Essa análise será um instrumento de negociação para o Brasil na Rodada de Doha da OMC porque simula o que acontecerá com as exportações brasileiras em função de cortes tarifários diversos. "O estudo mostra como a proposta Harbinson afeta as tarifas brasileiras", diz Marcos Jank, diretor-presidente do Icone. Stuart Harbinson, presidente do comitê de agricultura da OMC, sugere que os subsídios à exportação sejam eliminados em duas fases: em cinco e nove anos. Ele também prevê metas para cortes de tarifas e áreas em que programas de ajuda a agricultores locais distorcem o mercado. O plano Harbinson propõe grandes reduções nas áreas em que os subsídios são mais altos, uma exigência dos países exportadores, mas sem a reivindicação deles de instituir um teto máximo. O grupo de Cairns, de exportadores agrícolas, que inclui o Brasil, quer um teto de 25% e o fim dos subsídios à exportação em três anos. A proposta Harbinson, rejeitada na reunião minimisterial da OMC, em Tóquio, no início do ano, "voltou com força total" à mesa de negociações porque o presidente do comitê de agricultura "achou o meio, e seu documento aponta vantagens para os países pobres", diz Jank. Harbinson criou muitas salvaguardas para esses países, e a sua proposta de modalidades não só estabelece métodos de negociação, como propõe valores, embora estes estejam entre colchetes, o que indica dificuldade de consenso. "O que está em jogo hoje é acatar ou não o documento de Harbinson", diz Marcos Jank.
Em Cancún, se o documento de Harbinson for aprovado, e se houver um consenso sobre modalidades de negociação (como serão atacados os subsídios à exportação e questões de acesso a mercados), é possível que seja incorporado um parágrafo à declaração final estendendo a cláusula de paz, que expira em dezembro deste ano, avalia um especialista.

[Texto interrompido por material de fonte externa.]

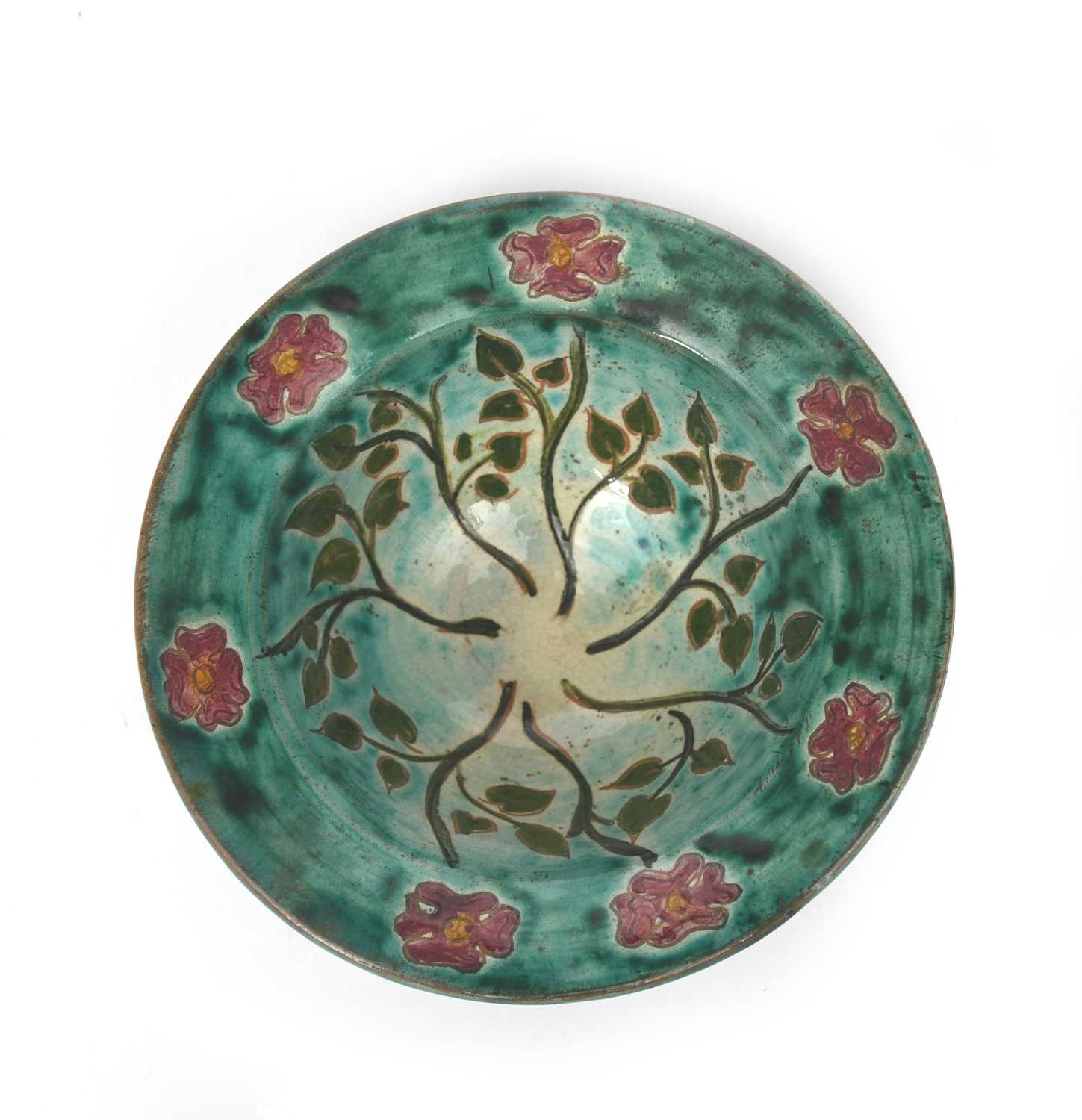 A small Della Robbia Pottery bowl by Tom Hall, painted with radiating flower stems in red and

EUA e UE deverão pressionar pela continuidade da cláusula.
Reforma tímida
O texto sobre a reforma da PAC, que será apresentado amanhã à Câmara Temática, não desce a detalhes sobre recomendações estratégicas para os negociadores, que serão feitas em caráter sigiloso. Observa, porém, que as mudanças na política agrícola européia, que entrarão em vigor apenas em 2005 e estarão sujeitas a um período de transição que pode perdurar até 2007, em determinados países da União Européia, "foram mais tímidas do que se veiculou em meados do ano passado, quando da apresentação da revisão da agenda 2000. Assim, maiores avanços dependerão de intensas pressões no decorrer da Rodada de Doha".

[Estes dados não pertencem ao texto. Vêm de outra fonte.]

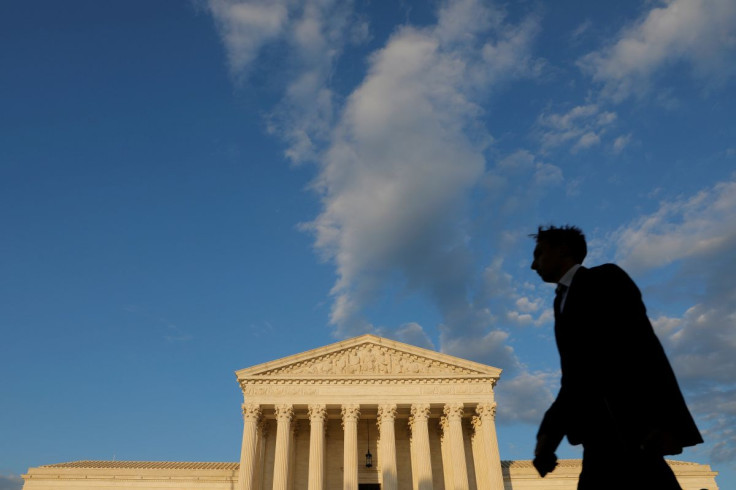 A person walks past the United States Supreme Court Building in Washington, D.C., U.S., May 13, 2021. 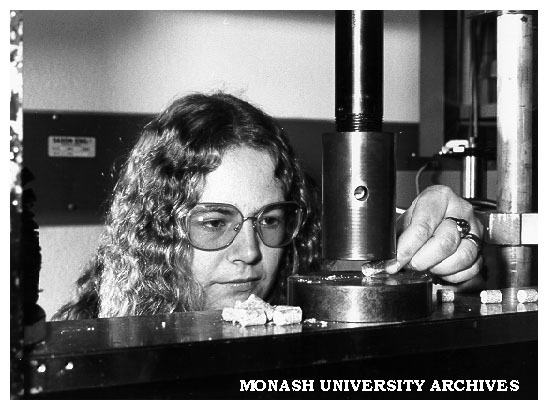 Animal technician Ms Alecia Jones feeding food pellet into compression rig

Mas, na avaliação do Icone, "essa reforma acanhada" da PAC "vai permitir que Lamy (comissário de Comércio da UE) melhore a sua oferta de redução das caixas amarela e azul. A caixa amarela engloba as políticas de apoio interno capazes de distorcer o comércio agrícola internacional e que estão sujeitas a limites de uso global de subsídios durante um determinado período de tempo. A caixa azul também compreende formas de apoio interno que distorcem o comércio internacional.

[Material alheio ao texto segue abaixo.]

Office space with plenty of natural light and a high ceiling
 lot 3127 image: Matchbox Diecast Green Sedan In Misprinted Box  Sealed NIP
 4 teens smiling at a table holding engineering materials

Outro ponto negativo da reforma da PAC é que não toca no tema "subsídios à exportação". O "silêncio estratégico" da UE no assunto "mostra que a eliminação dos subsídios à exportação pelos europeus terá alto preço na Rodada de Doha", menciona o Icone.
A entidade, que subsidia com estudos técnicos o governo e o setor privado, conclui que, "aparentemente, não há qualquer medida na reforma que facilite o acesso ao mercado europeu, que continuará extremamente protegido por picos, escaladas e quotas tarifárias, além do arsenal crescente de barreiras não-tarifárias".